Thursday 27 September 2012

Forgive me Father (and Mother), for I have sinned.

The Daughter is going through a bit of a phase of fibbing and taking things (sweets mainly, poor deprived little bean that she is). Nothing serious, and I know it's all perfectly normal. But I take a lot of stock in the truth, having been told a million lies by some people I've been unfortunate enough to meet along life's winding roads, so I am trying to teach her the value of honesty.  Of course, I'm merely human and have fallen foul of my principles on occasion (mainly while I was an impressionable youngster) and am seizing this opportunity to unburden my conscience.

Many lies are borne out of fear - of embarrassment, of getting into trouble, of having your pocket money stopped to pay for a replacement glass coffee table... Yes Mum. When I said I'd tripped over the cat and fallen onto the glass topped coffee table, I actually sat on it whilst drunk and broke it. And yes, I know I was lucky not to rip my bumcheeks to shreds. Sorry.

I'm also sorry for smoking out of my bedroom window and using a glass to keep my fag-ends in behind the curtain. And for throwing the glass onto the flat roof of the kitchen in a panic when I thought I was going to get caught. And for having to climb out of my window, onto the flat roof and picking up all the fag butts when there was no-one in the house.

I'm sorry for stealing a pound, buying some microwave popcorn and Smash Hits, and storing it in the outside toilet. (Not actually IN the outside toilet, that would have rendered both rather unuseable).

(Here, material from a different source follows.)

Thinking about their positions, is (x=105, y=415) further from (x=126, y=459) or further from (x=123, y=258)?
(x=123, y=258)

Similarly, I'm sorry for stealing a Caramac from the newsagents, and smuggling it out in the sleeve of my coat. That was the extent of my light-fingeredness, so please don't have me down as nowt but a common feef.

I'm sorry for using my friend Jessica as an excuse for being out all night at a 'barbecue' when I was actually downtown drinking, or at house parties (also drinking). And I apologise for saying I had food poisoning from said 'barbecues' when I was, in fact, talking to God on the big white telephone courtesy of a bottle of Mad Dog 20/20.

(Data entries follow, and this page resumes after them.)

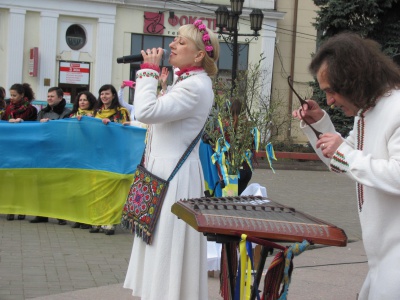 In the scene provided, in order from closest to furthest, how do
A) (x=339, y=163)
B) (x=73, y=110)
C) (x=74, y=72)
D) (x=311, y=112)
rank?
(x=339, y=163), (x=311, y=112), (x=73, y=110), (x=74, y=72)

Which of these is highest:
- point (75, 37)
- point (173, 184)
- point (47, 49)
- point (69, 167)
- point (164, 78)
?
point (75, 37)

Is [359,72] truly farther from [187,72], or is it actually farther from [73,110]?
[73,110]

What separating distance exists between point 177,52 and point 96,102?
528cm

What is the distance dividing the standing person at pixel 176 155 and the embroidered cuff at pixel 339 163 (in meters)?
1.38

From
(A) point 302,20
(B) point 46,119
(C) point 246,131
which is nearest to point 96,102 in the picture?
(B) point 46,119

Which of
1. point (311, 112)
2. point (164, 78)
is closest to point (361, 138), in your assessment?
point (311, 112)

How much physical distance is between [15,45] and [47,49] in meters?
1.13

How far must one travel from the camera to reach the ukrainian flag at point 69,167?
8.60 meters

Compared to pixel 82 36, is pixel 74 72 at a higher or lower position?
lower

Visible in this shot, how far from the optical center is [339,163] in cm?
281

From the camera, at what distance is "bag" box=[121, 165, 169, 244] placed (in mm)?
4176

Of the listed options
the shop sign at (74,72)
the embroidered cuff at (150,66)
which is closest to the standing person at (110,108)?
the embroidered cuff at (150,66)

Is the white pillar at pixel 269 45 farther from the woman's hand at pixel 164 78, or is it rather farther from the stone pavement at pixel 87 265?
the woman's hand at pixel 164 78

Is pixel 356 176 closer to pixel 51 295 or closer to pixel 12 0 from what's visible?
pixel 51 295
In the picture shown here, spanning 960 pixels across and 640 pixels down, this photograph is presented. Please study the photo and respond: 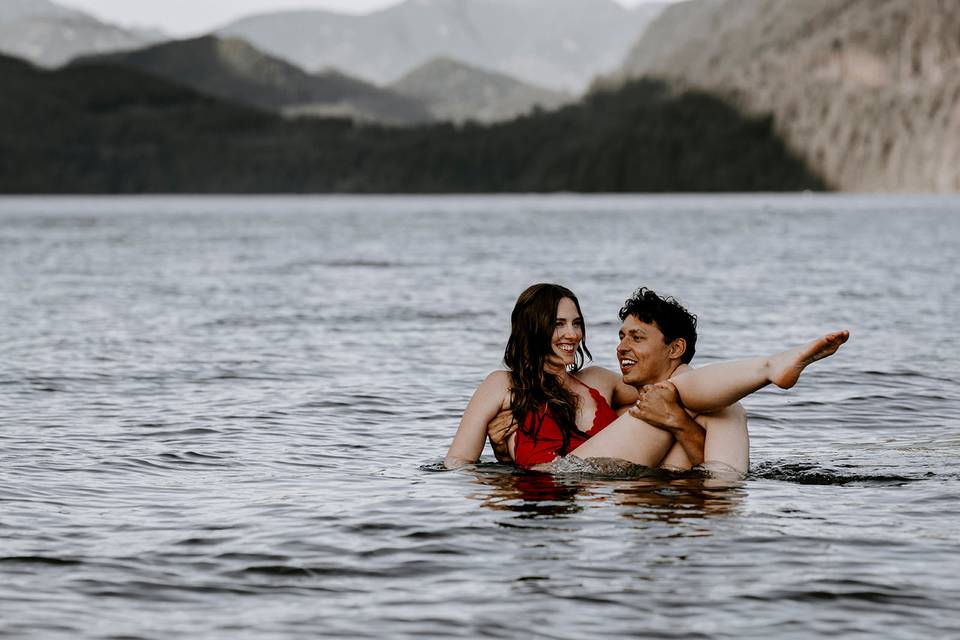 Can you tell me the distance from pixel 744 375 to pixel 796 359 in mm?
386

I'm sorry to my friends older brother, for drawing a tiny smiley face on the corner of his GCSE English homework while I was in their dining room getting changed after an afternoon in the paddling pool. I am also sorry to another friends younger brother, for making him dress in girls clothes and walk down to the shops. And for spraying his mums perfume all of the clothes in his wardrobe. Although his sister must share some of the blame - you know who you are!

So you see, I'm not perfect. The gold plating on my halo is worn in patches. Some of it I can blame on being led astray, but some was just purely me growing up and learning as I went. But after this baring of my soul, my conscience is clear. So when the Daughter next tells me some fancy tale about someone at school having dolphins in their garden pond, or spirits some chocolate limes out of my handbag, I'll try to stop my imagination running away me, thinking she'll end up in Borstal or on some programme about professional tea-leafs, with camera's following her round as she proudly steals 30 handtowels from BHS. I promise to try and remember the misdemeanours of my formative years and go easy on her.  Or, I might just keep my chocolate limes in the car and put some locks on the kitchen cupboards..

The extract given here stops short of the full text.